_AIM OF THE EXERCISE:_ Set the data down exactly as it stands, and keep its pictures out.

_DATA SHOWN:_
_____
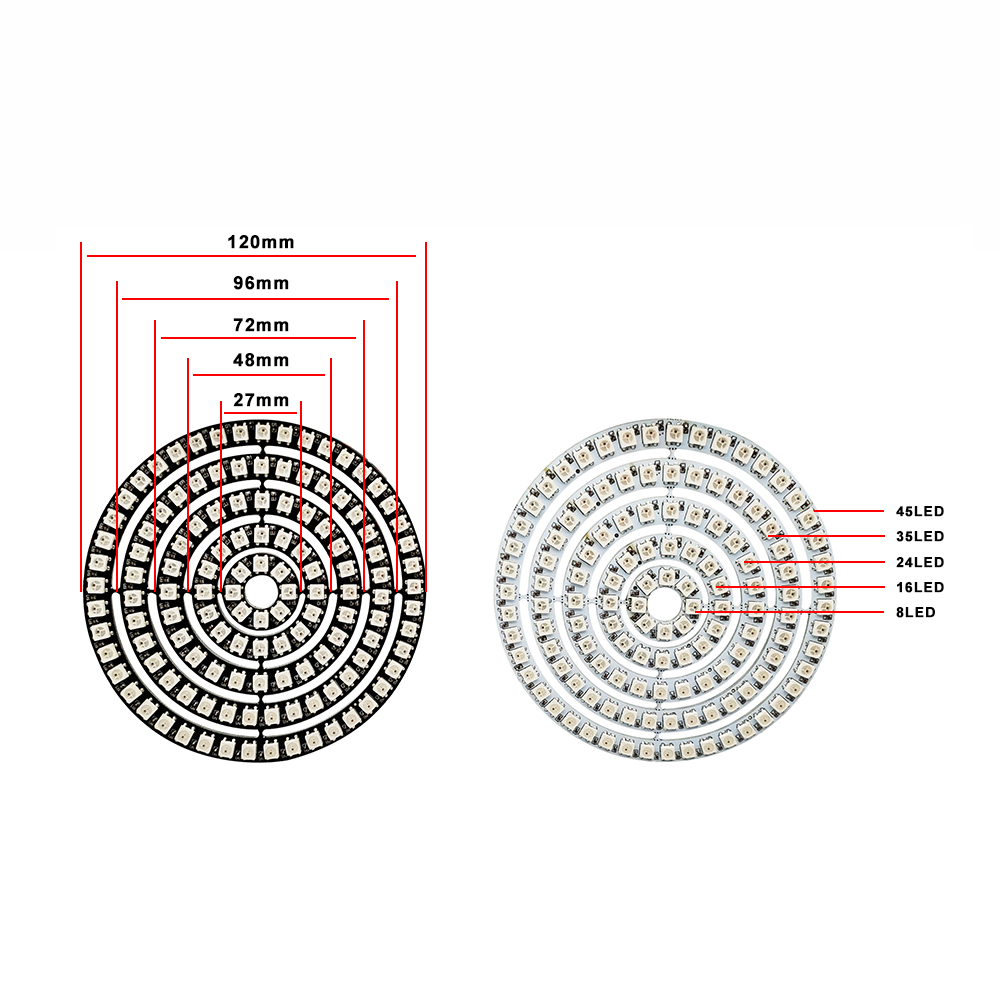 Dc 5V Led Ring Ronde Module 8/16/24/35/45 Pixel Individueel Adresseerbare Ws2812 Rgbic Cirkel Strip Licht Diy Smd5050 Full Color
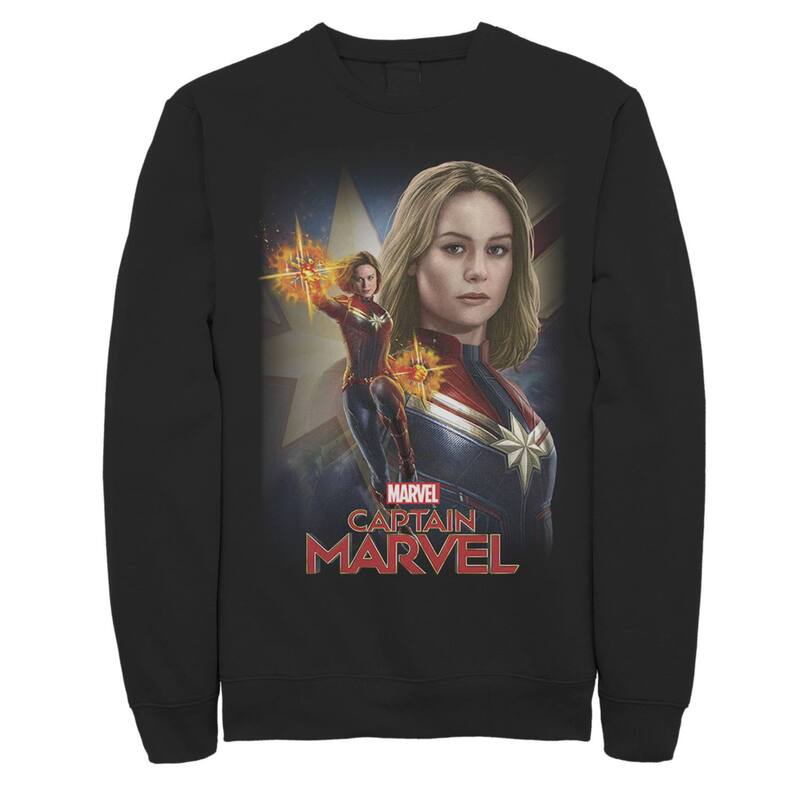 マーベル レディース トップス プルオーバー 旗がしら フリース Men\u0027s Marvel Captain Marvel Powers Portrait Fleece Black 黒いこと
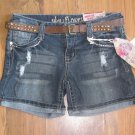 New Jr. Sz 5 Wallflower Cuffed Distressed Back Flap Blue Jean Shorts w/Belt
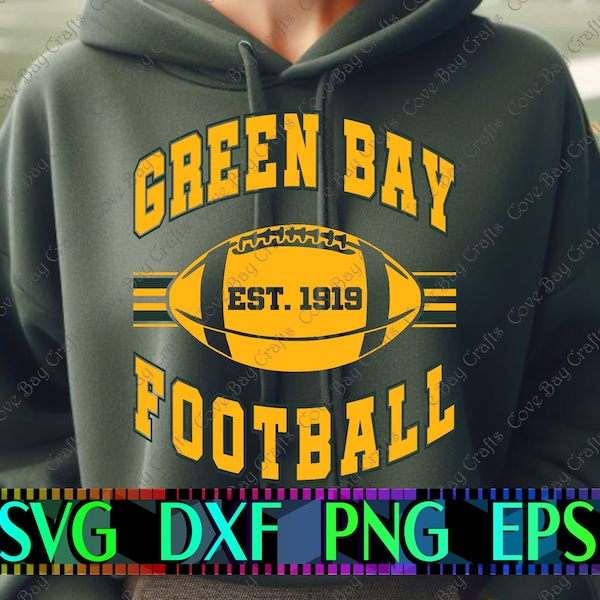 Green Bay Football Design SVG DXF EPS Png Download, Printable, editable Vector, Ready for Laser cut,  sublimation, cricut, silhouette Packer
_____
_ANSWER TO THIS EXERCISE:_
 Dc 5V Led Ring Ronde Module 8/16/24/35/45 Pixel Individueel Adresseerbare Ws2812 Rgbic Cirkel Strip Licht Diy Smd5050 Full Color
 マーベル レディース トップス プルオーバー 旗がしら フリース Men\u0027s Marvel Captain Marvel Powers Portrait Fleece Black 黒いこと
 New Jr. Sz 5 Wallflower Cuffed Distressed Back Flap Blue Jean Shorts w/Belt
 Green Bay Football Design SVG DXF EPS Png Download, Printable, editable Vector, Ready for Laser cut,  sublimation, cricut, silhouette Packer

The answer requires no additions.